Das örtliche Finanzamt wurde aufgefordert, für Zwecke der Erbschaftsteuer die Grundbesitzwerte zum Todestag der Erblasserin festzustellen. Das Finanzamt ermittelte einen Grundbesitzwert in Höhe von rund 96.000 € für die vom Erben veräußerten Flächen, die keinem landwirtschaftlichen Zweck dienten.
Für die ebenfalls vom Alleinerben verkauften wesentlich größeren, landwirtschaftlich genutzten Flächen stellte das Finanzamt einen Grundbesitzwert in Höhe von rund 240.000 € fest. Zum Ansatz kam hier der Liquidationswert, da die landwirtschaftlichen Flächen innerhalb eines Zeitraums von 15 Jahren nach dem Bewertungsstichtag (= Todestag der Erblasserin) veräußert wurden. Zur Feststellung des Liquidationswerts zog das Finanzamt die zuletzt vor dem Bewertungsstichtag ermittelten Bodenrichtwerte heran. Von dem darüber ermittelten Wert nahm es einen Abschlag von 10 % für Liquidationskosten vor.
Der Erbe legte Einspruch gegen die Bewertung der landwirtschaftlichen Flächen durch das Finanzamt ein, da er davon ausging, der auf die Flächen entfallende (niedrigere) Verkaufspreis sei maßgeblich für die Höhe des Grundbesitzwerts. Denn bei den Flächen handelte es sich seiner Meinung nach zwar um landwirtschaftliches Vermögen, aber nicht um einen landwirtschaftlichen Betrieb.
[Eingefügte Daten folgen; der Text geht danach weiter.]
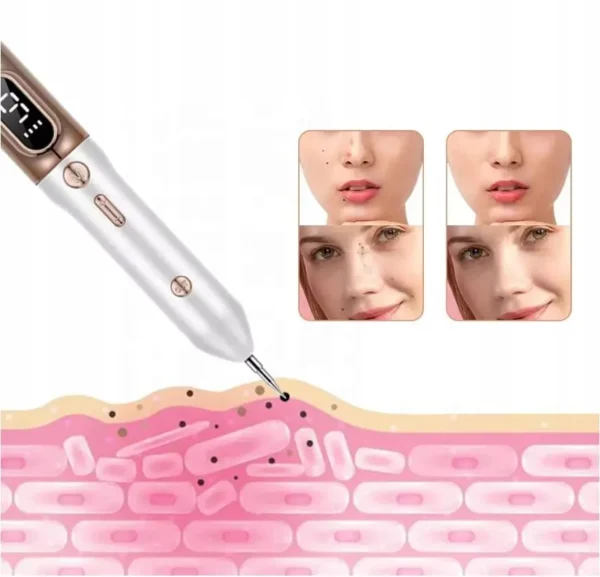 PLASMA PEN REMOVEDOR DE LUNARES, PECAS, VERRUGAS, ACROCORDONES™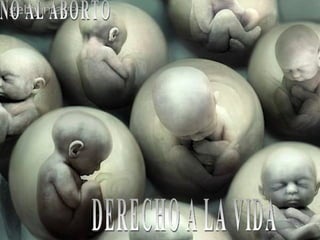 DERECHO A LA VIDA NO AL ABORTO 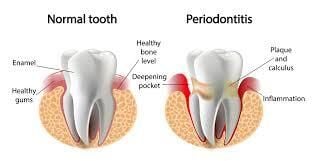 Periodontal Disease Periodontal Disease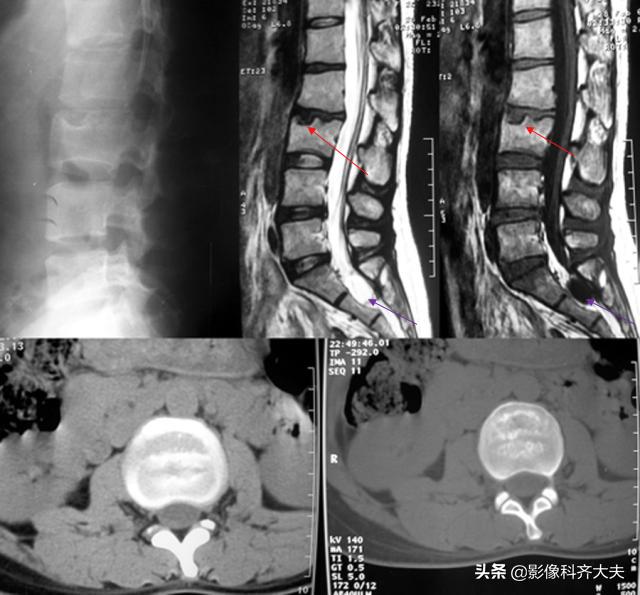 腰椎间盘突出的影像学诊断及治疗,腰椎间盘突出影像学课件
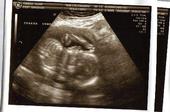 ultrasound of my baby - ultrasound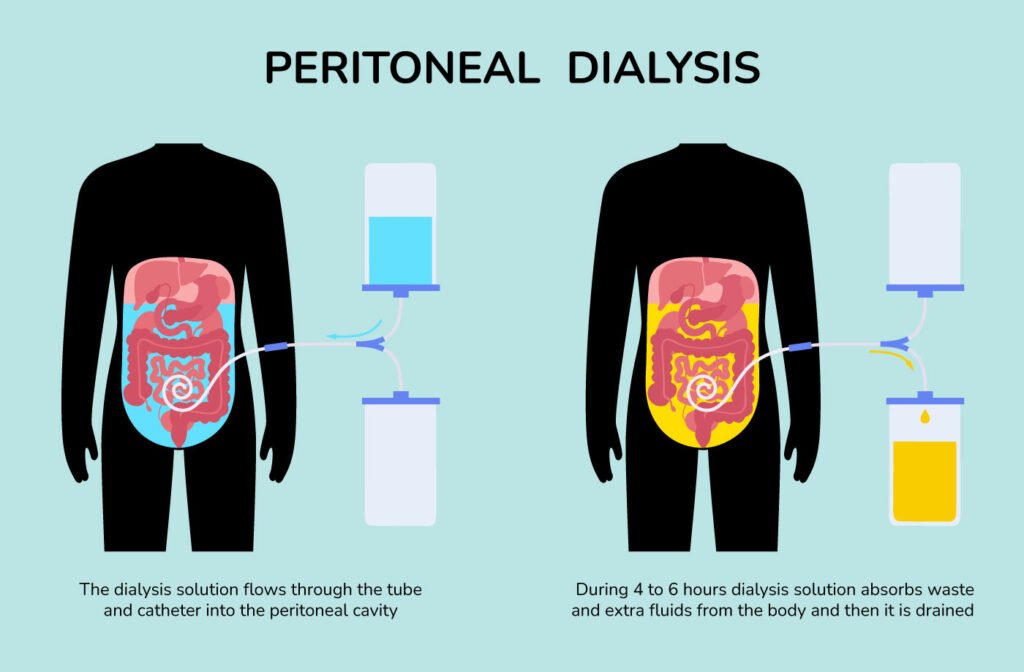 peritoneal dialysis infographic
Daher sei nach § 164 Abs. 2 BewG die Mindestbewertung durchzuführen. Und der Mindestwert könne nicht über dem Verkaufspreis der Flächen liegen.
Mangels Einigung kam es zur Klage vor dem FG Mecklenburg-Vorpommern. Nach Prüfung des Sachverhalts erklärte das Gericht die Klage für unbegründet.
Das Gericht stellte unter anderem fest: Die wirtschaftliche Einheit des land- und forstwirtschaftlichen Vermögens ist der Betrieb der Land- und Forstwirtschaft. Wird ein solcher Betrieb innerhalb von 15 Jahren nach dem Bewertungsstichtag veräußert (und der Veräußerungserlös nicht wieder in einen land- und forstwirtschaftlichen Betrieb investiert), erfolgt die Bewertung der wirtschaftlichen Einheit mit dem Liquidationswert. Dieser wurde vom Finanzamt in zutreffender Höhe ermittelt.
Der Kläger hat zwar einen niedrigeren gemeinen Wert (= Verkaufspreis) nachgewiesen. Der festgestellte Bodenwert übersteigt diesen Wert aber um nicht mehr als 21,7 % und damit nicht wesentlich. Das Übermaßverbot entfaltet daher keine Wirkung. Der BFH hatte in der Vergangenheit eine Bewertungsdifferenz von 10 % als noch hinnehmbar qualifiziert. Nicht mehr hinnehmbar ist nach Meinung des BFH allerdings eine Bewertungsdifferenz von 40 %.